L'incomparable bête de scène


Il y a quelques années, en 2015 précisément, Monfils avait déjà embrasé Roland, sur le Lenglen, en s'imposant contre le pauvre Pablo Cuevas qui avait eu le malheur de traîner dans le coin. Ce jour-là, Gaël avait été petit joueur. Il n'avait été mené que 4-1 double break contre lui dans le 4e. Pas 4-0, balle de triple break contre lui dans le dernier set en n'ayant gagné qu'un seul des onze derniers jeux. Il s'en était sorti, et un confrère de la presse étrangère m'avait dit "heureusement que Monfils est là, il est vraiment indispensable dans les premières semaines de Grand Chelem. Sans lui, on s'ennuierait."

 


Je m'étais dit qu'il avait raison, sans pouvoir toutefois occulter cette pensée : compte tenu de son potentiel athlétique et tennistique, n'est-ce pas dans les secondes semaines qu'il aurait dû devenir incontournable ? Ce fut, toute sa carrière, le charme et la limite de la bête de scène d'exception qu'il est. Une immense bête de scène, oui, plus qu'un très grand champion. Cela aura été son destin. Son choix, peut-être, allez savoir. Mais quand le show est à ce point envoûtant, et ce mardi soir l'était tant que "le petit Cuevas du Suzanne" (dixit Monfils lui-même) s'apparentait à une rencontre presque normale, comment faire la fine bouche ?

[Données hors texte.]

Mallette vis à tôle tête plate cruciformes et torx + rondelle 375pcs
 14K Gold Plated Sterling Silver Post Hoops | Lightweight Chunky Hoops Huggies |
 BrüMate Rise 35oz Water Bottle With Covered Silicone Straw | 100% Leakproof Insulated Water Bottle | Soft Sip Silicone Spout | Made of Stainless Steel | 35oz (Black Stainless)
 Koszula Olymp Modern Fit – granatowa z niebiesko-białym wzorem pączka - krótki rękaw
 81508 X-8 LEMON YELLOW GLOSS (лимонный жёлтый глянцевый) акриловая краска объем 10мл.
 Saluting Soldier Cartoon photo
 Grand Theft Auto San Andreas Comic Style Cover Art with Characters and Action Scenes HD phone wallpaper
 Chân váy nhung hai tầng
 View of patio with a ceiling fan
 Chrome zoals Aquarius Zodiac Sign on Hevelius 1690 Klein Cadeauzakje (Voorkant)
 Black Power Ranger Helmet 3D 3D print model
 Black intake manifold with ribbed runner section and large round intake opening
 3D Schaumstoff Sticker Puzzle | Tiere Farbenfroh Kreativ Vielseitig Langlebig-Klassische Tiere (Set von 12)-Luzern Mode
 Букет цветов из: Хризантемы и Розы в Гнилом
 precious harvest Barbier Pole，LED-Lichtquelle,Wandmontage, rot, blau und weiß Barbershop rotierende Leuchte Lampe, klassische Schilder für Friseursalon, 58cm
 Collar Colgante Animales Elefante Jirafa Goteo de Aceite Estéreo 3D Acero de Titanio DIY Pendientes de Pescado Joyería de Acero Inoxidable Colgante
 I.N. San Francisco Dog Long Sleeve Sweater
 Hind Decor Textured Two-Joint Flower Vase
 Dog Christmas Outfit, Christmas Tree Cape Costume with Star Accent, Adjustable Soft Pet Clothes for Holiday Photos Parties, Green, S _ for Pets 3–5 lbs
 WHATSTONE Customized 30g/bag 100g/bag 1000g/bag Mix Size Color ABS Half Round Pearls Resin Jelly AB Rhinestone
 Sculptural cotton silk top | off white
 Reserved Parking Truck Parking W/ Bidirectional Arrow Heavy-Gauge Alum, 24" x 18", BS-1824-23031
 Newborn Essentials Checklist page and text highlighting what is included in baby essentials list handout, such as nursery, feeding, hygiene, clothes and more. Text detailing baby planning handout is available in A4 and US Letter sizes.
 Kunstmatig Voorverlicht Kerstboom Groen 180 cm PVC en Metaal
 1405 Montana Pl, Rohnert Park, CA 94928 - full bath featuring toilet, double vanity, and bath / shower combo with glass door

Ce n'est ni le lieu ni le moment de s'abaisser à ça. On ne lui demande plus de voir grand dans un Majeur. Pas même d'y figurer en seconde semaine. On s'en fout, de tout ça. Cette soirée lui ressemble, au fond. Improbable et dantesque, même si ce n'est "qu'un" premier tour. La puissance émotionnelle d'un moment de sport ne réside pas forcément dans la portée de son résultat. Elle peut, bien sûr, mais l'enjeu efface parfois le reste. La postérité d'une performance existe. Celle d'un moment aussi et, à sa manière, peut rester indélébile. Il y a là une différence, certes, mais davantage de nature que de degré.

Gaël Monfils aurait-il pu faire plus, mieux ou autre chose de sa carrière ? Peut-être. Sans doute. Mais là, dans l'euphorique instant d'une night session qui, même une fois l'émotion retombée, restera dans sa mémoire et celle de tous ceux qui ont partagé ce moment avec lui, aux diables les limites puisque le charme a opéré dans des proportions inouïes. Un charme fou. Dingue, même. Comme lui.